Rokok tanpa pita cukai yang beredar di Kota Batam, Kepri. (Foto: Kepribetter.com)
KEPRIBETTER.COM, Batam – Peredaran rokok tanpa dilekati pita cukai (ilegal) di Kota Batam, Kepulauan Riau (Kepri) kian marak dan bebas.
Adapun rokok ilegal yang beredar dengan bebas di Kota Batam yaitu, H Mind, Rexo, Luffman dan Manchester.
Hal itu mematik respon dari Praktisi dan Akademisi Kota Batam, Joni Ahmad.
Dilansir dari Expossidik.com pada Rabu (6/4/2022), Joni mengatakan, pendapatan negara yang berasal dari pajak rokok dari cukai hasil tembakau diperkirakan sebesar 10 persen dari penerimaan negara. Artinya, dari sekian banyak pajak-pajak yang dikumpulkan negara dari seluruh kegiatan, 10 persennya disumbangkan dari cukai rokok.
Kemudian, pada tahun 2021 lalu target yang ditetapkan oleh pemerintah dari pajak cukai hasil tembakau sebesar Rp 173.7 triliun. Berdasarkan laporan dari Kementerian Keuangan yang dikutip dari media massa, per November 2021 pencapaiannya sudah mencapai Rp 161.7 triliun.
“Artinya, pendapatan negara dari cukai hasil tembakau sangat berpotensi sekali,” ungkap Joni.
Lebih lanjut dia mengatakan, melihat tingginya potensi pendapatan negara dari cukai hasil tembakau ini, maka pemerintah di tahun 2022 ini kembali menaikkan target tersebut.
“Melihat besarnya potensi pendapatan negara dari cukai hasil tembakau ini, maka pemerintah menaikkan lagi targetnya di tahun 2022 ini menjadi sebesar Rp 193 Triliun,” sebutnya.
Selanjutnya, rokok merupakan suatu produk yang sangat diminati, bahkan menjadi kebutuhan bagi sebagian rakyat Indonesia.
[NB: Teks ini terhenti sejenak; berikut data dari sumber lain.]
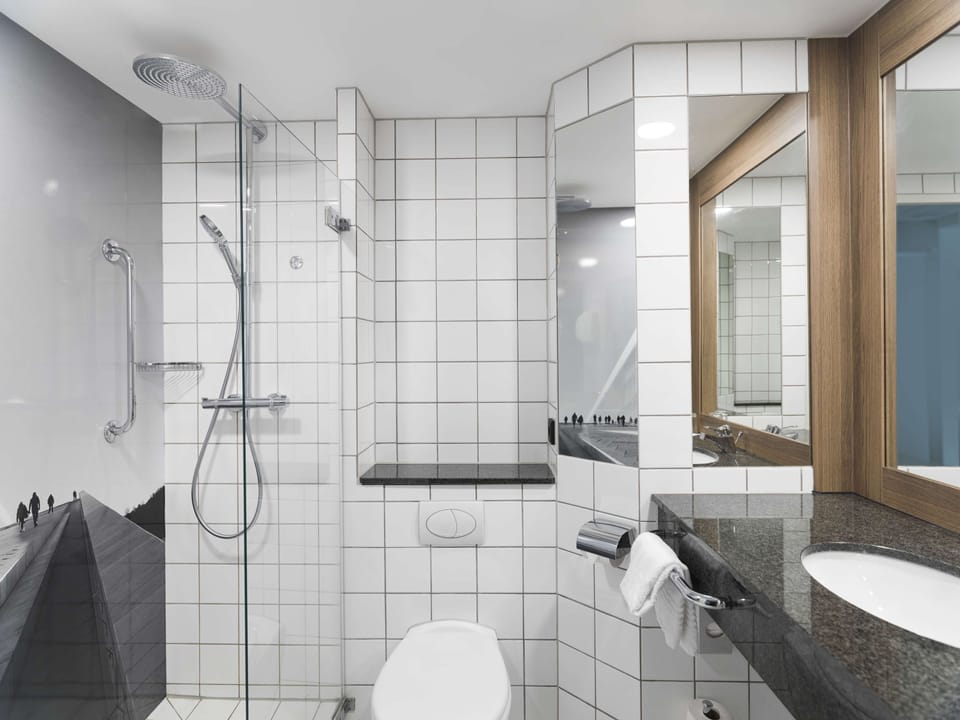 Shower, free toiletries, hair dryer, towels
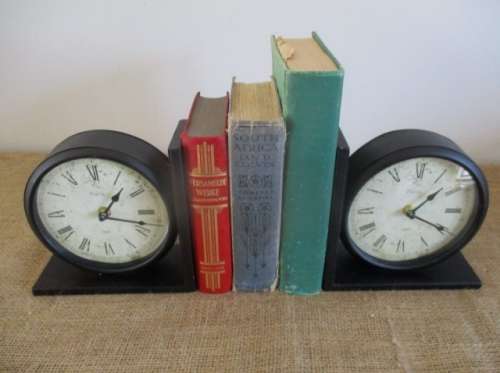 Time To Read...An Old Set Of Two Lovely & Unusual Wooden Clock Face Bookshelf Stands   Paris 1869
Rata-rata jumlahnya bisa mencapai di atas 50 persen dari total penduduk di Indonesia.
Kemudian, kalau dilihat dari berbagai sisi, rokok ini memiliki sisi negatif dan sisi positif. Kalau dilihat dari sisi kesehatan rokok ini lebih condong ke sisi negatif. Lalu, dari sisi moralitas juga bisa menimbulkan sesuatu yang bersifat negatif.
“Tapi, dilihat dari sisi pendapatan negara dari cukai hasil tembakau dan melihat dari sirkulasi perekonomian, rokok ini menjadi suatu komoditas perdagangan yang memberikan nilai-nilai positif bagi pendapatan negara,” imbuhnya.
Selain itu, dengan adanya produsen rokok yang membuka usahanya di Indonesia, otomatis akan membuka peluang tenaga kerja. Sebagaimana yang kita ketahui bersama bahwasanya buruh pabrik yang bekerja di industri rokok jumlahnya bisa mencapai jutaan tenaga kerja.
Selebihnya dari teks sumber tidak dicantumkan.